For sound waves traveling horizontally in the ocean, speed is largely a function of temperature. Thus, the travel time of a wave of sound between two points is a sensitive indicator of the average temperature along its path. Transmitting sound in numerous directions through the deep sound channel can give scientists measurements spanning vast areas of the globe. Thousands of sound paths in the ocean could be pieced together into a map of global ocean temperatures, and by repeating measurements along the same paths over time, scientists could track changes in temperature over months or years.
In 1983, John Spiesberger, now at Pennsylvania State University, and Kurt Metzger at the University of Michigan supplied the first experimental verification that tomography was possible across an entire ocean basin--much farther than Munk and Wunsch had proposed. Spiesberger and Metzger sent sound pulses 4,000 kilometers (2,300 miles) from a source on the seafloor off Oahu, Hawaii, to nine of the Navy's SOSUS listening arrays in the northeast Pacific. By repeating the experiment in 1987 and 1989, Spiesberger and Metzger demonstrated for the first time that extremely slight changes in acoustic travel time across an ocean basin reflect changes in water temperature along the sound path. A decrease of two-tenths of a second in travel time in this experiment was about equal to an average temperature rise of one-tenth of a degree Celsius.

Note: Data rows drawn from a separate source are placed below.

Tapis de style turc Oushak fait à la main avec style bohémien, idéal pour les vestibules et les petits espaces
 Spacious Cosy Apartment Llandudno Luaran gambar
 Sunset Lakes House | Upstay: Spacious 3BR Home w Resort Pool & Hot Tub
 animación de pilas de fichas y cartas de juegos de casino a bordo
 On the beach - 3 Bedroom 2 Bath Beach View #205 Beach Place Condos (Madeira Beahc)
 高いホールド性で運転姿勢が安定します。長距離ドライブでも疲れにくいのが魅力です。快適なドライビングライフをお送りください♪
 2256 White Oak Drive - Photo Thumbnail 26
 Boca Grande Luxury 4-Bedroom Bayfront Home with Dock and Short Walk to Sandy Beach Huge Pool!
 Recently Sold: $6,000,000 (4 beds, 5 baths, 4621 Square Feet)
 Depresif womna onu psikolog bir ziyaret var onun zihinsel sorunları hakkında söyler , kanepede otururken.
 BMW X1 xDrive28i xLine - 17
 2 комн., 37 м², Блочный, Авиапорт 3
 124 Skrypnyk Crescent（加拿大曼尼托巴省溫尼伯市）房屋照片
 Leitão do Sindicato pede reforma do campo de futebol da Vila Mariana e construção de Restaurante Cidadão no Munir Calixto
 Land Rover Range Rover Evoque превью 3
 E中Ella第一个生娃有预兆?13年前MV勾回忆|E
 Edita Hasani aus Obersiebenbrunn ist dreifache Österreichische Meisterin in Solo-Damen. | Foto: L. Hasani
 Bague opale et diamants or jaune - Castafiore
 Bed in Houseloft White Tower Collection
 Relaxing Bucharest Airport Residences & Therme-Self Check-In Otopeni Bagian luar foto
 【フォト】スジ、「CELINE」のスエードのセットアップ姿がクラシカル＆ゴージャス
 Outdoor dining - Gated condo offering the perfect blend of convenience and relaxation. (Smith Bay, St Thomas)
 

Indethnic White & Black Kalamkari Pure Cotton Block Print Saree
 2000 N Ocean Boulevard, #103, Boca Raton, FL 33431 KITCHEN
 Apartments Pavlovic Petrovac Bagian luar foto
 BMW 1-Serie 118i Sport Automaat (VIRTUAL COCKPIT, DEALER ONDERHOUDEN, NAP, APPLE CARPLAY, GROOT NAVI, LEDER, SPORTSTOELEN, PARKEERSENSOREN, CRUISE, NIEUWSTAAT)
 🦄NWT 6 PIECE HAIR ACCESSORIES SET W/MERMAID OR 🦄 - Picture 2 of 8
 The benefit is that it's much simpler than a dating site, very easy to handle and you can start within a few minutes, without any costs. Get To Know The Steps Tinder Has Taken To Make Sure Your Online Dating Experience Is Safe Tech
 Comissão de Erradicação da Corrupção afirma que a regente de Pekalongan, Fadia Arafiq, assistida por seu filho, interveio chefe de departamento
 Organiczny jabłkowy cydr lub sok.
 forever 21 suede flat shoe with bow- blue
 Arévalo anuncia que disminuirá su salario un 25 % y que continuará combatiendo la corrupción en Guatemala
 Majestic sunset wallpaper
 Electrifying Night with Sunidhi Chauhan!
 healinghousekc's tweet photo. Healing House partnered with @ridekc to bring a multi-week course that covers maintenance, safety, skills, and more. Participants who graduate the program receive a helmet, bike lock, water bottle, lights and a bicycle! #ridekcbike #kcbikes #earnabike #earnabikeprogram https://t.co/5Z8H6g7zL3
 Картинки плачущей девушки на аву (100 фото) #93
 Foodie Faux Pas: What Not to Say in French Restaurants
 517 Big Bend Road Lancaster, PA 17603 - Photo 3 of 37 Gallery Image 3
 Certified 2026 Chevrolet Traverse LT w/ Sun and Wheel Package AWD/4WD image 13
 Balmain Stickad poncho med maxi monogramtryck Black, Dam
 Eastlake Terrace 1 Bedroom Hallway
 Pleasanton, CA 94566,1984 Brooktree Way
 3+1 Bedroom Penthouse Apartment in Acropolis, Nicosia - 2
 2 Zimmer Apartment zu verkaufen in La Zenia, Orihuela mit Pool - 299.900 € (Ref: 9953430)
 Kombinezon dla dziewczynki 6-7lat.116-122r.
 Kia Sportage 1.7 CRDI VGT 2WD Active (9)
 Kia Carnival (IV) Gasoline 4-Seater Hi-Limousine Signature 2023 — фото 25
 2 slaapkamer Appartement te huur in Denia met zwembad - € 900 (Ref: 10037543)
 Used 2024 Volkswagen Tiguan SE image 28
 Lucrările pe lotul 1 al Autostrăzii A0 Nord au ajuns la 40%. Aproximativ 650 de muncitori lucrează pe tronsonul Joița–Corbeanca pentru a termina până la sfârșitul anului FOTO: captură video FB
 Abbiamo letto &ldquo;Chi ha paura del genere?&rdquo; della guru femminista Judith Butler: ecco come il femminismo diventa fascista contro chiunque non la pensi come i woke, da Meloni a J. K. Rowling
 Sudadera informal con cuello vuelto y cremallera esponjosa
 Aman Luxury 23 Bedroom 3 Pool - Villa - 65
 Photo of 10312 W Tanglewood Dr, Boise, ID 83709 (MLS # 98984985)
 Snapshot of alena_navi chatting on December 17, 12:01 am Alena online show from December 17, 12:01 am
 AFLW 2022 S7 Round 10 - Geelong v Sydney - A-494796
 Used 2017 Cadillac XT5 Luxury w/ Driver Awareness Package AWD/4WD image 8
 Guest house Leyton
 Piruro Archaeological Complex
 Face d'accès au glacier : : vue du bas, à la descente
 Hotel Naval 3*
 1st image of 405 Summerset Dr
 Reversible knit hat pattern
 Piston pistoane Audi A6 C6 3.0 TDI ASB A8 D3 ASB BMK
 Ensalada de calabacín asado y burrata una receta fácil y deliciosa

In 1989, Munk and Andrew Forbes of the Commonwealth Scientific and Industrial Organization in Australia suggested transmitting sound globally on a regular basis for a decade to try to monitor climate change. To determine whether the signal would be stable enough to obtain measurements across half the globe, they placed a sound transmitter near Heard Island, an uninhabited Australian island in the southern Indian Ocean, with receivers in all oceans but the Arctic. For five days in January 1991, scientists from nine nations, led by the United States, transmitted sound from a ship off Heard Island. Sixteen  listening sites picked up the signals in the deep sound channel from as far away as 18,000 kilometers (11,000 miles). Although sound was detected at great distances, insufficient resolution was achieved in this experiment to measure temperature changes reliably at large distances.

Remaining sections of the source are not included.